Great captures - that would make some fine leather sheath inlays!


----------



## jkoch (Sep 27, 2009)

Too close for me!


----------



## JasonF (Sep 27, 2009)

Awesome shots!!
He looks to be pretty calm.


----------



## redneckcamo (Sep 27, 2009)

dat nake id da debil 




very nice shots man !


----------



## Atlanta Fatz (Sep 28, 2009)

I cant sleep now


----------



## Bruz (Sep 28, 2009)

Seen waaayyyyyy too many of those this year.....I'm up to 7 Timbers,a BIG Cottonmouth,a CopperTop and 3 Black Rat Snakes.


----------



## DocHoliday (Sep 28, 2009)

That's a pretty good size feller right their.


----------



## Smokey (Sep 28, 2009)

Man whatta pretty snake.  Too bad the big truck squished it.


----------



## hogtrap44 (Sep 28, 2009)

Wow, looks like a couple of pets I used to have in big cages. Dart and Sparkplug, two fine timber rattlers.
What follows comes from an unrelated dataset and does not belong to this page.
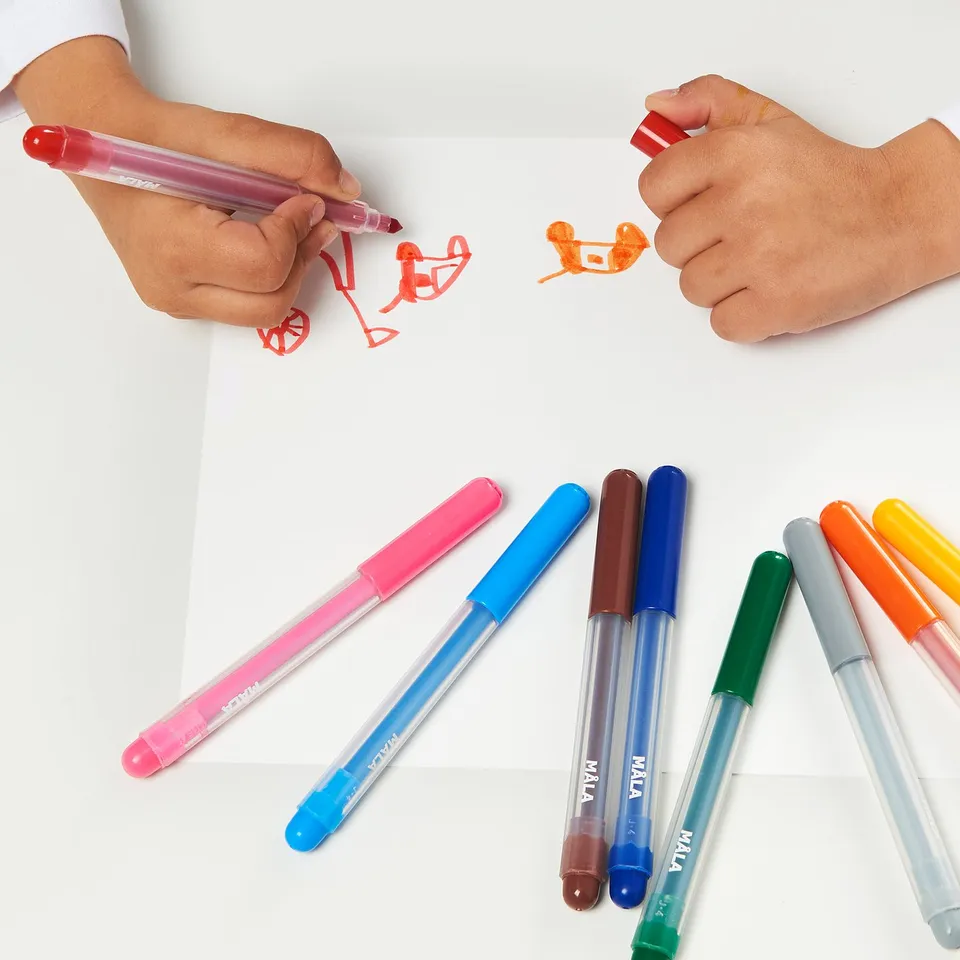 Image depicts children drawing with colourful markers on white paper. Various MÅLA markers lie nearby.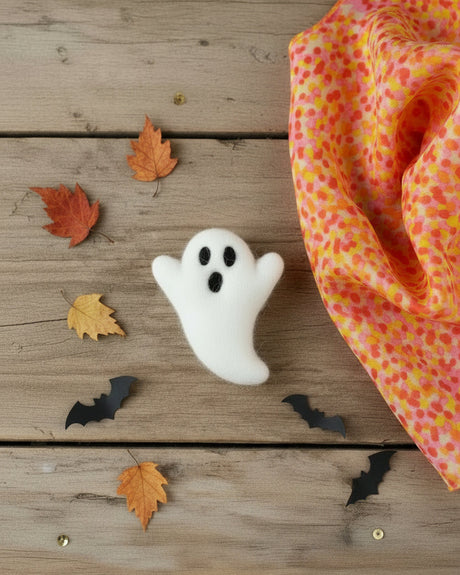 A small white felt ghost accessory with black embroidered eyes and mouth, resting on a crumpled piece of orange, pink, and yellow patterned paper against a black background.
Then the day came when they made a good fried dinner!


----------



## Hoss (Sep 28, 2009)

Looks like he was coopertive for you, Ben.  Good shots of him.

Hoss


----------



## Crickett (Sep 28, 2009)

Pretty cool shots. I'd love to be able to get some cool shots of some snakes. Of course I'd have to use the 70-300mm cause I ain't gettin' too close to them.


----------



## Handgunner (Sep 28, 2009)

Nice shots of a gorgeous snake!


----------



## leo (Sep 29, 2009)

Very nice shots Ben


----------



## Browtine (Sep 29, 2009)

Beautiful snake. Thanks for sharin'.


----------